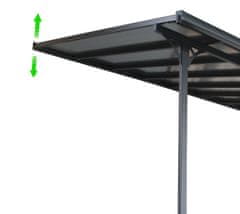 Rojaplast Bruce J nadstrešnica 618×305 cm, siva
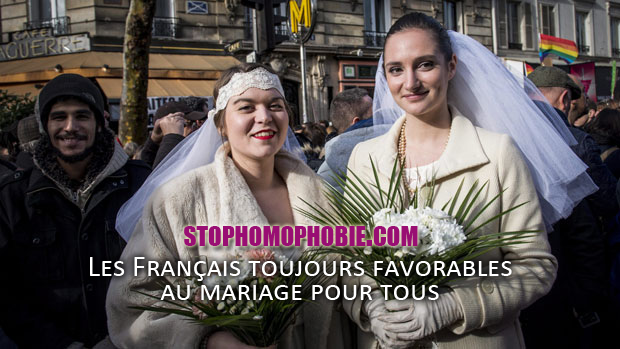 Les Français toujours favorables au mariage pour tous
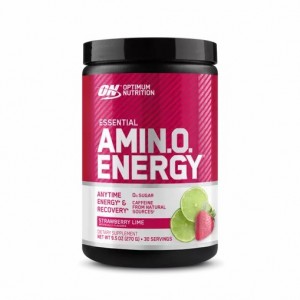 Optimum Nutrition ESSENTIAL AMIN.O. ENERGY® Strawberry Lime 0.6 lb (30 Servings) | UJW-570168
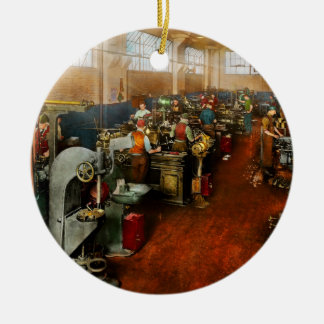 Machinist - Maschinenisten in der Ausbildung 1918 Keramik Ornament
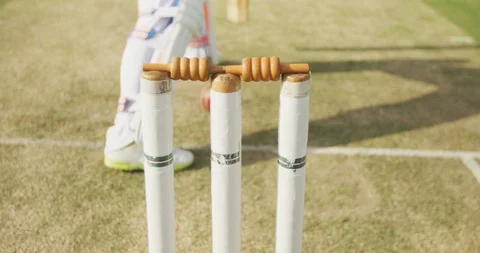 Close up view of the stamps destroyed during a match Stock Footage 124992920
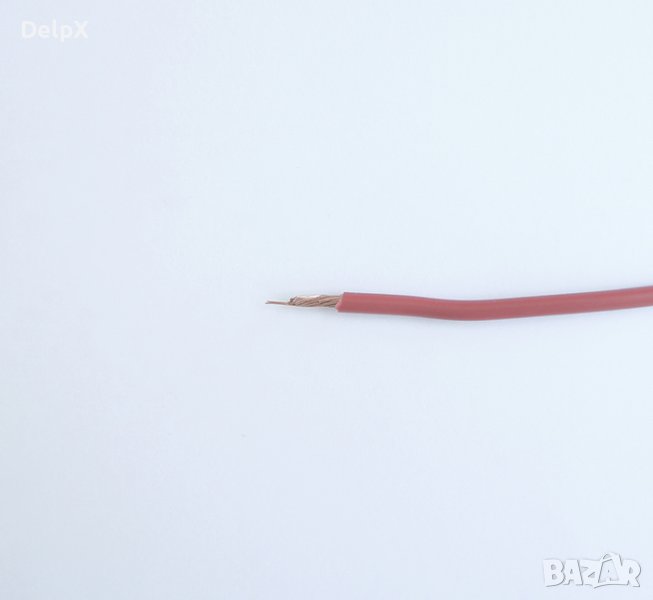 Проводник едножилен червен ПВ А2 1x2,5mm2, снимка 1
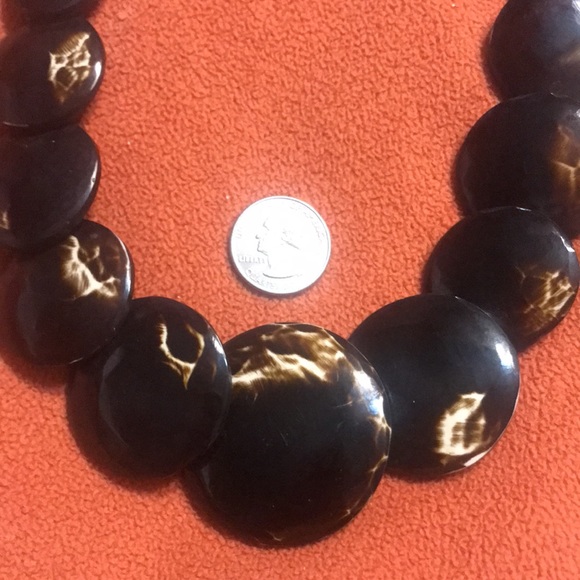 Tibetan Statement flat beaded necklace - Picture 5 of 5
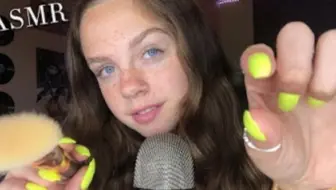 Gracie k(双语字幕)为你消除负能量！视觉助眠 轻语聊天asmr 触发音 敲击音 沉浸式体验 中文字幕 助眠赫敏
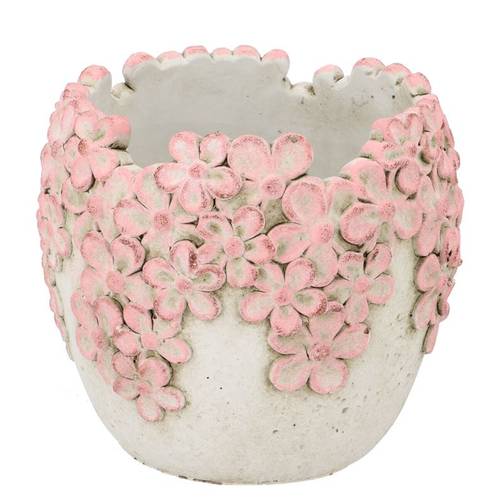Beton Übertopf Dante Bloom rosa 20x20x17cm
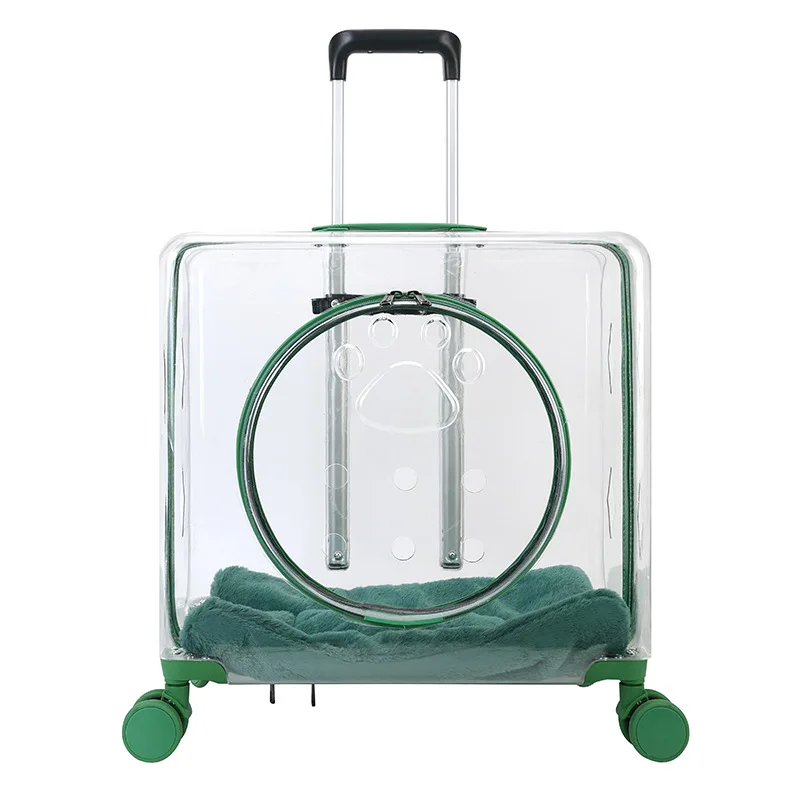 

Pet trolley case, multi-functional outdoor breathable cat case, large-capacity cat and dog transparent pet case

→ TASK
Nothing but the pictures may be dropped; output the records above exactly.

→ EXERCISE RESPONSE
 Rojaplast Bruce J nadstrešnica 618×305 cm, siva
 Les Français toujours favorables au mariage pour tous
 Optimum Nutrition ESSENTIAL AMIN.O. ENERGY® Strawberry Lime 0.6 lb (30 Servings) | UJW-570168
 Machinist - Maschinenisten in der Ausbildung 1918 Keramik Ornament
 Close up view of the stamps destroyed during a match Stock Footage 124992920
 Проводник едножилен червен ПВ А2 1x2,5mm2, снимка 1
 Tibetan Statement flat beaded necklace - Picture 5 of 5
 Gracie k(双语字幕)为你消除负能量！视觉助眠 轻语聊天asmr 触发音 敲击音 沉浸式体验 中文字幕 助眠赫敏
Beton Übertopf Dante Bloom rosa 20x20x17cm

Pet trolley case, multi-functional outdoor breathable cat case, large-capacity cat and dog transparent pet case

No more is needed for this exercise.